The remainder of the keys operate normally.

Note: the keyboard operates as expected under unix, all keys generate
the expected keycodes and scancodes.

4. Details: The Sun keyboard has 4 media keys above the numeric keypad
and another 12 function keys on the left side (in addition to the 12
at the top of the keyboard).  On the left, the keys are labeled: Help,
(blank), Stop, Again, Props, Undo, Front, Copy, Open, Paste, Find,
and Cut.

5. Investigation:

5A. Xev shows that four keys generate scan codes:
  Help 136
  Copy 151
  Find 164
  Cut  181

Three keys generate X-Notify events (Stop, Again, Paste) but xev
does not report enough details to differentiate the keys.  The remaining
keys have no effect.

Note: I tried this again in an empty X instance with only xterm and xev
running.  No window manager, no display manager.  Same results.

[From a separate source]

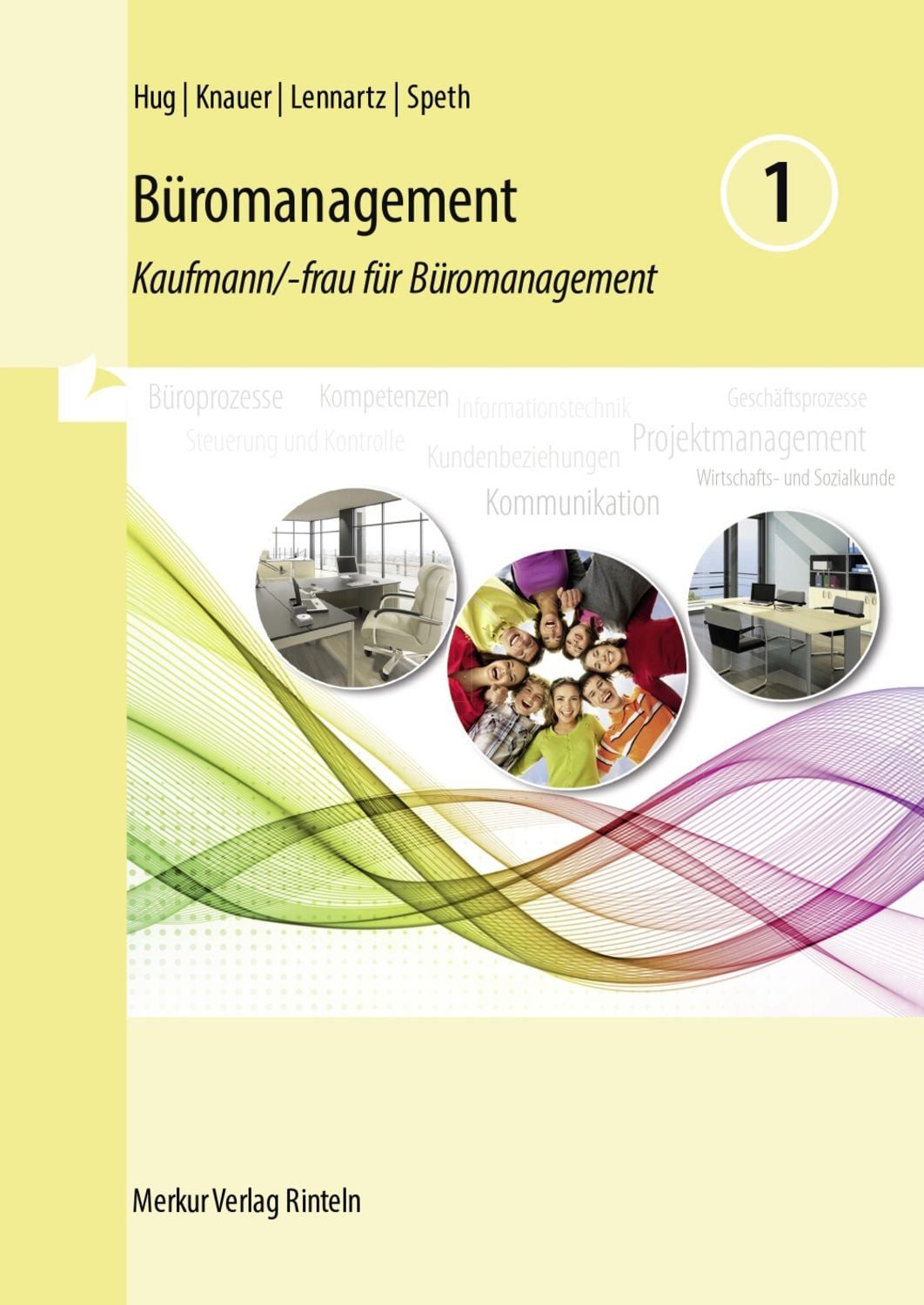 Büromanagement 1 / Hartmut Hug, Sabine Knauer, Martina Lennartz, Hermann Speth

5B. I used usbdump to examine the raw data coming from the keyboard.
I was able to verify that all 16 extra keys DO SEND KEYCODES.  They
range from 0x74-0x81 and 0x66 (116-129 & 102).  They are arranged in
this order: sleep=0x66, open=0x74, help=0x75, props, front, stop,
again, undo, cut, copy, paste, find, mute, vol+, vol-=0x81.

5C. In the kernel I found the file src/sys/dev/usb/input/ukbd.c
In lines 310-312, in the data structure ukbd_trtab, I find translations
to convert these keycodes into scancodes (ranging 108-130, decimal).

Farther down, in the function ukbd_key2scan, I see these numbers get
converted again into the ranges 0x11e-0x120, 0x125, and 0x15e-0x168
on lines 2204-2221.  The comments even say these scan codes are for
the Sun Type 6 USB Keyboard.

However, somewhere between the usb device and the tty driver, most of
these keys are getting dropped or consumed and I can't figure out why.

6. Questions

6A. Do I have to tell the kernel this is a sun keyboard?  I do not find
any sun specific files in either the syscons or the vt files.

6B. How can I tell if I am running syscons or vt?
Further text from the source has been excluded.